Но поскольку живое и мертвое в сознании Мюссерта поменялось местами (путешествия д-ра Страбона в минусовом пространстве мертвых языков, выдаваемые за реальность, — и, напротив, восприятие Мюссертом реальной жизни как «ведра с нечистотами»), то и все его метаморфозы разыгрываются в одном направлении — как процесс превращения жизни в нежизнь. И когда Мюссерт, вполне закономерно принимаемый соседями за мертвого, настолько замыкается, как в капсуле, в своем одиночестве, что все время и пространство его жизни стягиваются на крошечный лоскут мертвой материи — газетную фотографию уходящего в никуда «Вояджера», — происходит энергетический взрыв, и пространство, «медленной волной» пройдя сквозь «камеры» сознания Нотебоомова героя, окончательно вытесняет его туда, где ему комфортнее. Нотебоом называет это «прошлым», ему, по-видимому, претит слово «смерть».

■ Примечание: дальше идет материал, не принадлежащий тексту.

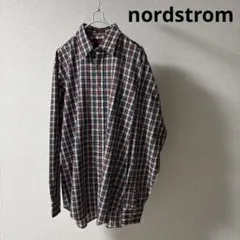 nordstrom ノードストローム レギュラーカラー チェックシャツ L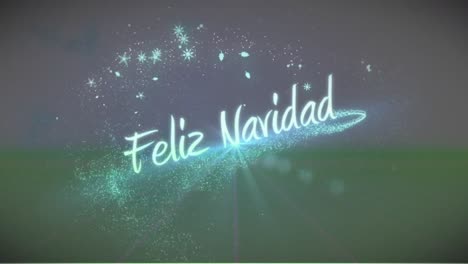 Digital-animation-of-felix-navidad-text-and-shining-stars-moving-against-grey-background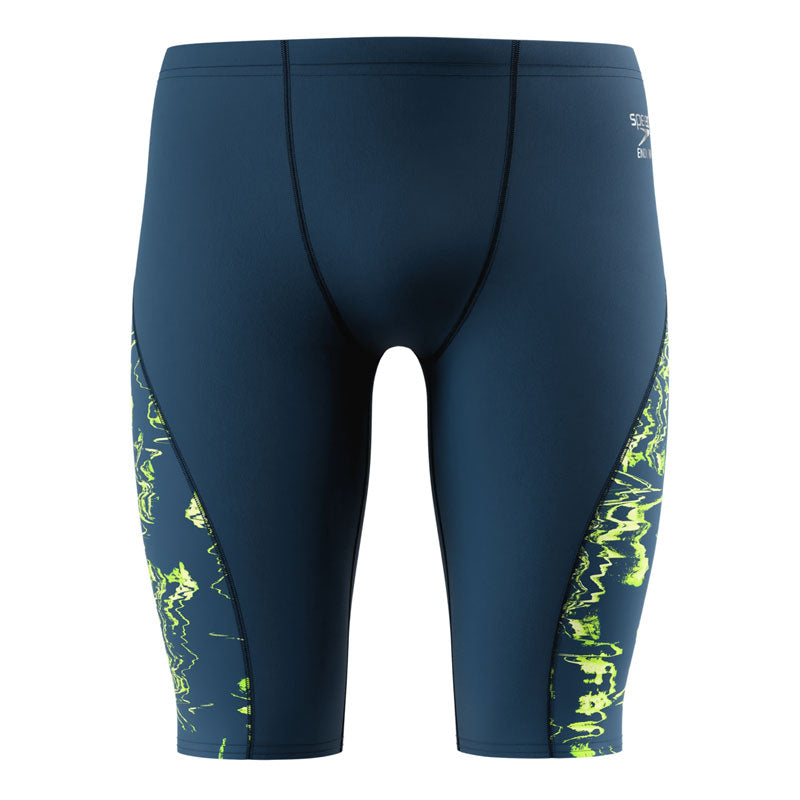 Speedo - Mens Spliced Printed Jammer - Mirage Time/Denim Teal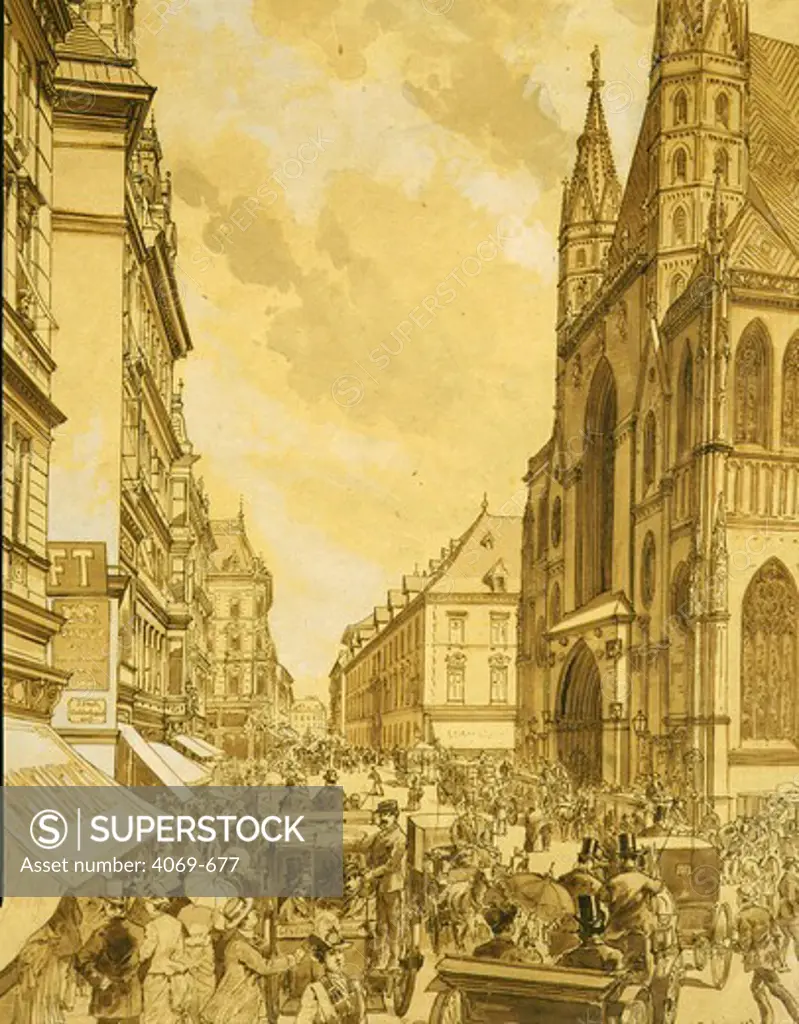 St Stephen's Place, Vienna, Drawing 1876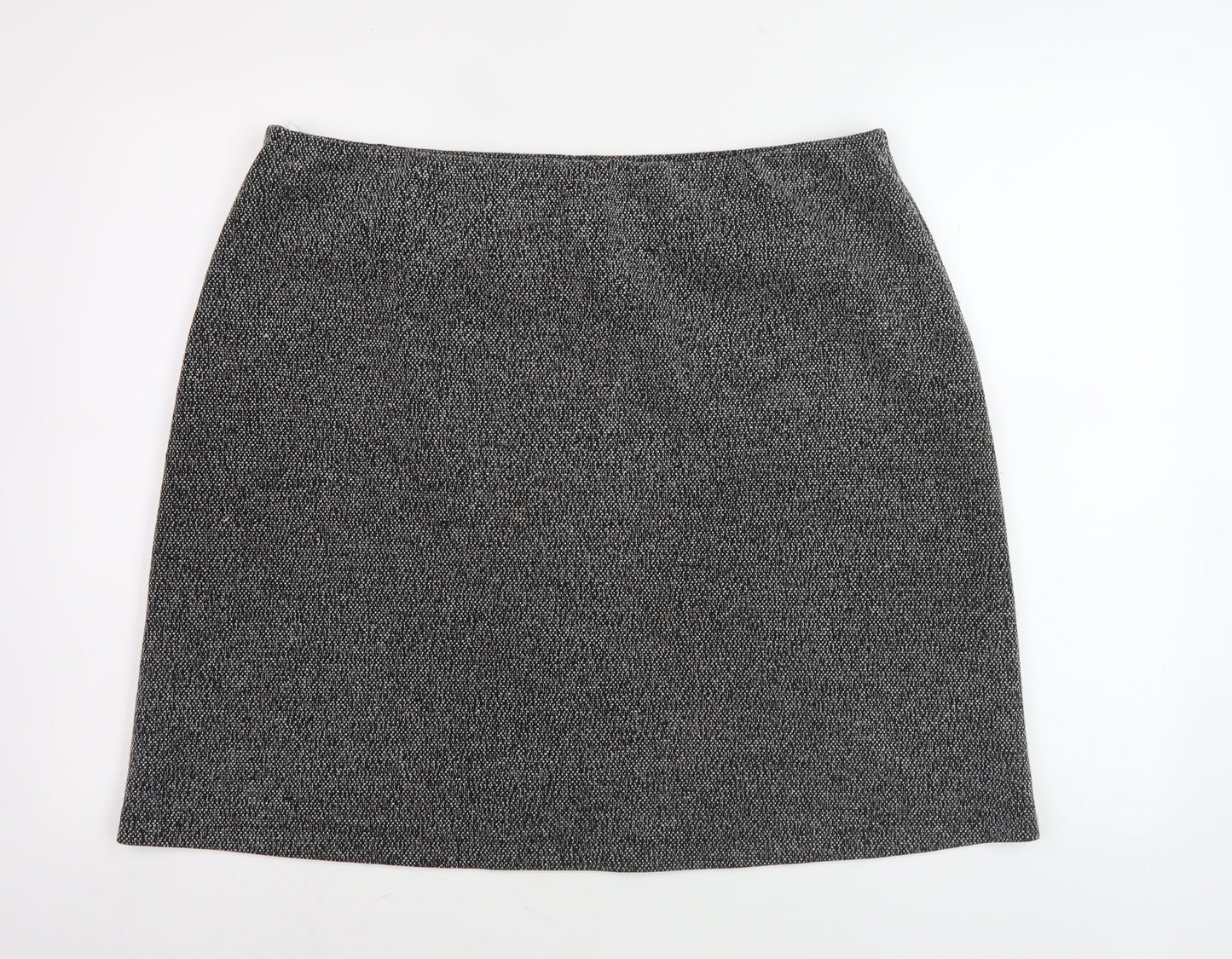 Isle Women's Grey Pencil Skirt Size 20 - Classic Style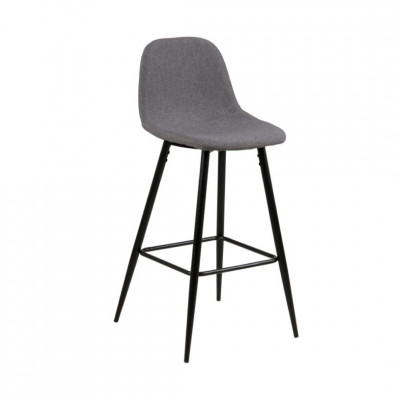 WILMA COUNTER STOOL pusbāra krēsls Pelēks | pusbara-kresli | NMF Home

Миг смерти, вместивший всю жизнь — «историю» Хермана Мюссерта, — переживается им как главное странствие, позволяющее восстановить «утраченное время», возвратить потерянные смыслы и обнаружить, наконец, то «я», что ускользало от героев Нотебоома на протяжении всего его творчества. По существу, и в «Следующей истории» Нотебоом решает сквозной конфликт всех своих романов, проецируемый в творчество его собственной жизнью: конфликт между «я — путешествующим» и «я — пишущим», «я — странником» и «я — творцом». Неудивительно, что «выдавленный» из времени реальной жизни Мюссерт оказывается изначально в другой комнате: из комнаты амстердамской попадая в комнату лисабонскую, где, видимо, некогда и произошла утрата главного смыслового звена Мюссертовой жизни. Лисабонская комната «посмертно» высветляет ключевую ситуацию его прошлого, в котором Мюссерт фигурирует под кличкой «Сократ». Что с точки зрения главной антиномии творчества Нотебоома («я — путешествующее» — «я — пишущее») весьма примечательно, ибо раскрывает всю глубину авторской самоиронии. В «Следующей истории» эта антиномия представлена парой Страбон — Сократ: автор путеводителей, путешественник, который никуда не путешествует, и мыслитель (творец), который не оставляет после себя никаких письменных свидетельств.